Extracted information:
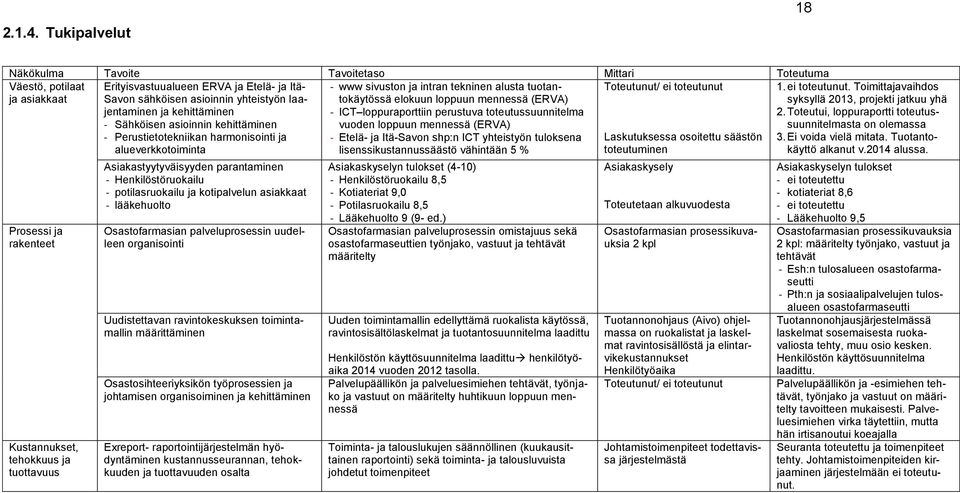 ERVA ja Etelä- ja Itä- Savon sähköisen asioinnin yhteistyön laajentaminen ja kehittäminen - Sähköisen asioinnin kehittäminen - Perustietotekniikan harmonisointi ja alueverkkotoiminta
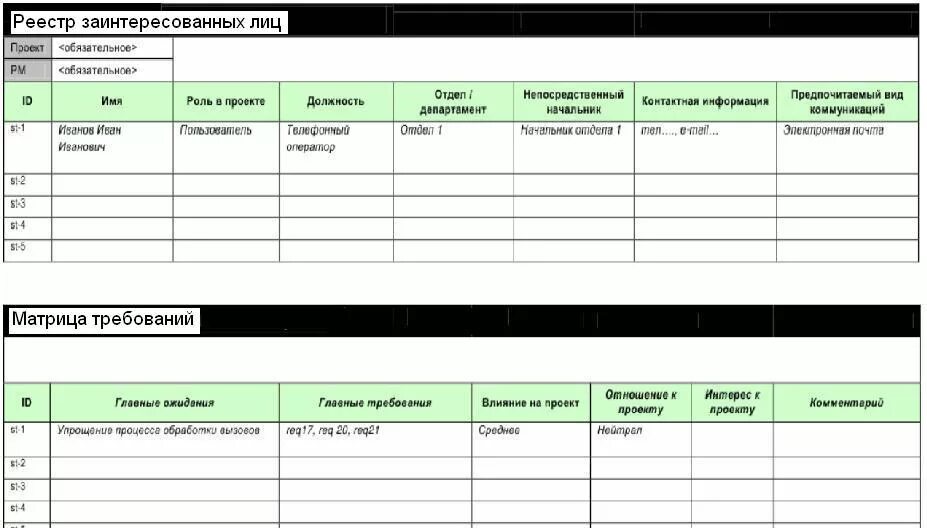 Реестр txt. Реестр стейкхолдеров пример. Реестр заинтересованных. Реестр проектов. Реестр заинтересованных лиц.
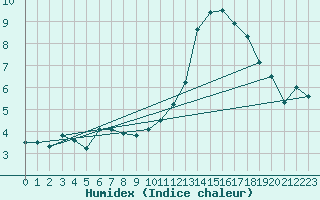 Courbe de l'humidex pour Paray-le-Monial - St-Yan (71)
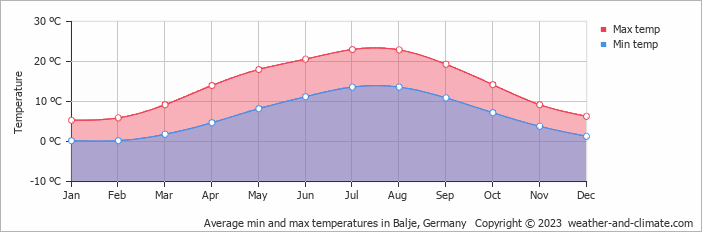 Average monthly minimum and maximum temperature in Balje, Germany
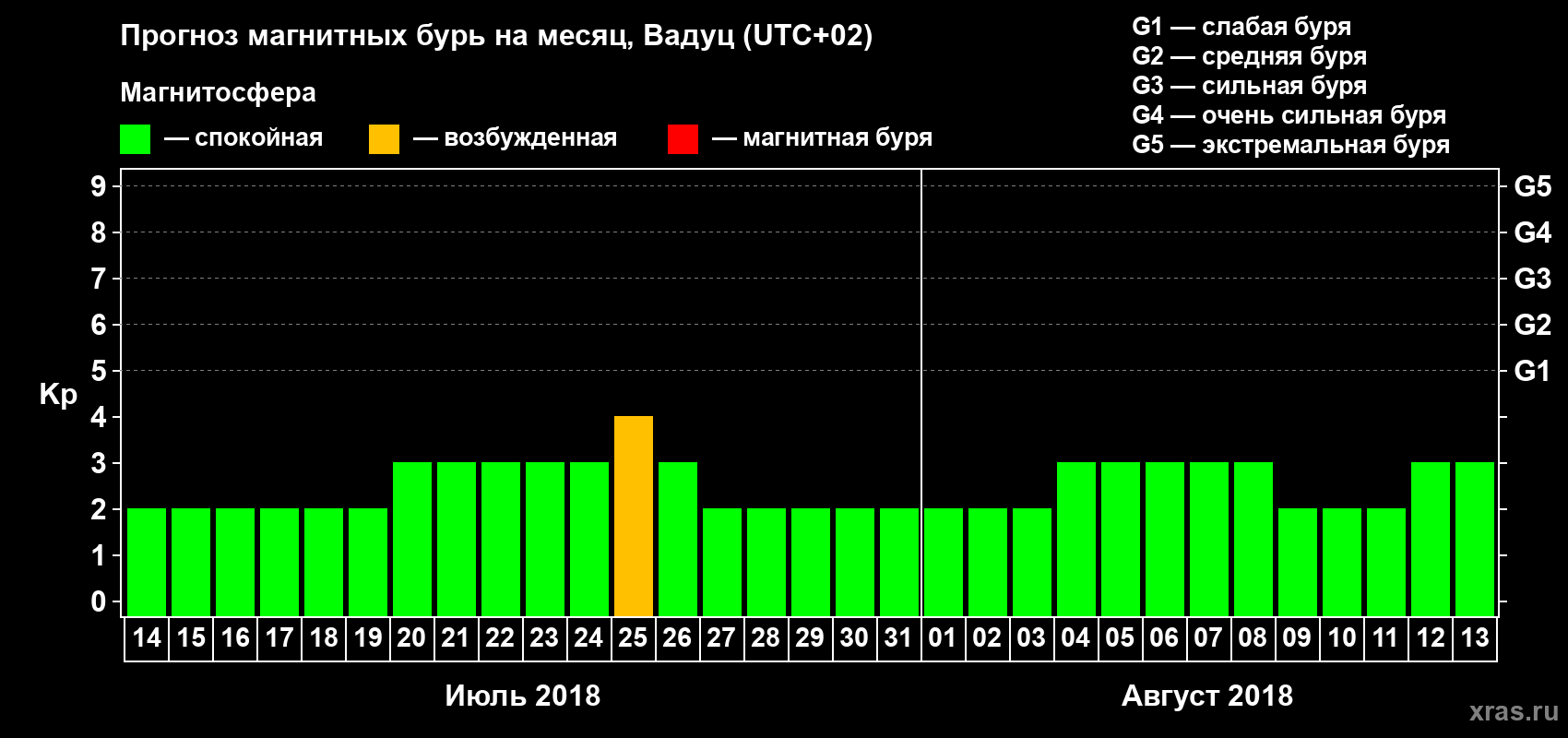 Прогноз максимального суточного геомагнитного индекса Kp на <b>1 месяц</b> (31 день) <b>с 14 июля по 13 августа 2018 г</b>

Work task: Exclude the pictures from the copy. Retype exactly the lines running from the one containing "Courbe de l'humidex" through the last line of the listing.

Solution for this task:
 Courbe de l'humidex pour Paray-le-Monial - St-Yan (71)
 Average monthly minimum and maximum temperature in Balje, Germany
 Прогноз максимального суточного геомагнитного индекса Kp на <b>1 месяц</b> (31 день) <b>с 14 июля по 13 августа 2018 г</b>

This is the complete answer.